The second category, the “we don’t want to have to look at you” rationale, relies on the theory that the very existence of visibly impoverished or damaged people causes the rest of us harm that we have the right to be protected from by force of law. This harm can be aesthetic, or it can be unwanted pity. Either way, it ends up becoming a legal obligation to remain wealthy and healthy enough to spare other people’s feelings, or to make other people wealthy and healthy enough (out of our own pockets) to spare the feelings of still other people. This insanity gets extended to the point where the cost of bailing you out after you did something dumb is counted as an expense that you caused them, and even as an expense that the people who sold you the means to hurt yourself caused them, as if getting bailed out were a law of nature and your benefactors had no choice in the matter. (It may be a law of Congress, and your benefactors may indeed have had little choice, but the cost was imposed by voters and Congressmen, not so much by you and certainly not by your trading partners). You may not like seeing people that have spent or loafed their way into poverty, especially if they’re old, or people that have wrecked their bodies by neglecting safety precautions or abusing drugs, but that doesn’t mean that you have the right not to ever see such things or to banish them from existence, or to forbid grown people from taking a risk that such things will happen to them. A “decent country” is not one in which poverty or injury never happen; it’s one where people are allowed to take risks (and bear the losses – if they didn’t, it wouldn’t really be a risk, would it?) in their pursuit of happiness.
Deriving moral laws and everyone’s unchosen legal obligations from people’s emotions makes about as much sense as deriving the laws of astrophysics from people’s emotions. If humans are born with any sort of moral instinct, it would necessarily be more appropriate to hunter-gatherers than to technologically advancing civilized people that aim to stay that way.
And finally, we come to the “they’ll go on a rampage” rationale, usually with the unstated premise that the people who aren’t given unearned wealth and try to take it by force are the good guys, and their targets (especially if they defend their property with force) are the bad guys. A more perfect misunderstanding of the moral issues involved is difficult to imagine, but if that dark day comes to pass, it will make no more sense to blame ourselves for driving the oppressed laborers to terrorism than it does now to blame ourselves for driving oppressed Muslims to terrorism. Paying them ransoms in either case tends to escalate their demands rather than appease them. I say “millions for defense, not one penny for tribute”, whether it relates to Muslim radicals or homegrown would-be socialist revolutionaries.
Be careful not to drink the kool-aide that the depressed, despondent fellow made.

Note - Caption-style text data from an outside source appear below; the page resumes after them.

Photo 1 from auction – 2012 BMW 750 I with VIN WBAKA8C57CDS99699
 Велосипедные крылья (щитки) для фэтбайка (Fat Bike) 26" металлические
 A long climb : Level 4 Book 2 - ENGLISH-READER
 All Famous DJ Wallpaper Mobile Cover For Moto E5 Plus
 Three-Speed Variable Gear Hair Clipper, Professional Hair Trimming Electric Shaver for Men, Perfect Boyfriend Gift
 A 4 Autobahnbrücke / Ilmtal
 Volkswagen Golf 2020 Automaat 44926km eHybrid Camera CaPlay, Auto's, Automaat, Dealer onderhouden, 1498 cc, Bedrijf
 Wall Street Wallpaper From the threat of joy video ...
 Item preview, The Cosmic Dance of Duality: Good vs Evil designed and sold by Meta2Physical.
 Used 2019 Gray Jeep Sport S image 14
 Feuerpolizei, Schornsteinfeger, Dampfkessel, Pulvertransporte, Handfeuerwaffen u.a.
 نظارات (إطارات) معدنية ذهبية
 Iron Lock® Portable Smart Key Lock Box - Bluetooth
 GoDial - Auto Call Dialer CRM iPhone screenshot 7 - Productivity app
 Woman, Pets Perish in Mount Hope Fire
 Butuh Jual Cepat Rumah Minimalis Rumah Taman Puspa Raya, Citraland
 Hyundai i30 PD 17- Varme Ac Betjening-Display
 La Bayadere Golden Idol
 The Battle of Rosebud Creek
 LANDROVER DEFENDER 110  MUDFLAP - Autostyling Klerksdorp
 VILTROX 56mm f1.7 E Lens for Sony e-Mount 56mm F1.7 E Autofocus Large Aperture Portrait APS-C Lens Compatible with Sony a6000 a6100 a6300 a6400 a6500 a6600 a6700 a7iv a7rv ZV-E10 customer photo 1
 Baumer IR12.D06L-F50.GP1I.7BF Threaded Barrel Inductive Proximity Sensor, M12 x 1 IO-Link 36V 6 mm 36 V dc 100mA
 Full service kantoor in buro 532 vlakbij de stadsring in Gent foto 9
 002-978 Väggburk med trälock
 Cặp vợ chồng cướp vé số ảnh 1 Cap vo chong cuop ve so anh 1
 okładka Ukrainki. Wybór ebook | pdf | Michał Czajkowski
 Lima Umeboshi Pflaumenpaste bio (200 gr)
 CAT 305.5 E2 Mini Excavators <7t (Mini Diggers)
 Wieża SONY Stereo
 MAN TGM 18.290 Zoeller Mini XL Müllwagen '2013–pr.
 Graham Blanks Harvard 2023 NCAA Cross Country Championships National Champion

There is another arguement you leave out. There is certainly a level of addiction within a society that will threaten its existence. At a societal level, the individual is an investment of resources (childhood), and someone who goes off the deep end (or even just commits suicide at 16), is obviously a dead loss at that level – even if no one forces anyone to expend additional resources keeping them alive once they become adults. This is obviously more critical in a poor society, where the survival margin may be quite thin. (Many of the social taboos that are generally lumped under the label conservative are critical to survival for marginal societies) The American economy obviously has a very large capacity to carry dead weight – but even it is not infinite.
Obviously you can still have social taboos without them being enforced by the government. Still, in a democratic society, it can be reasonably argued that there is a degree of overlap, and that the lack of a statutory prohibition undercuts the social stigma.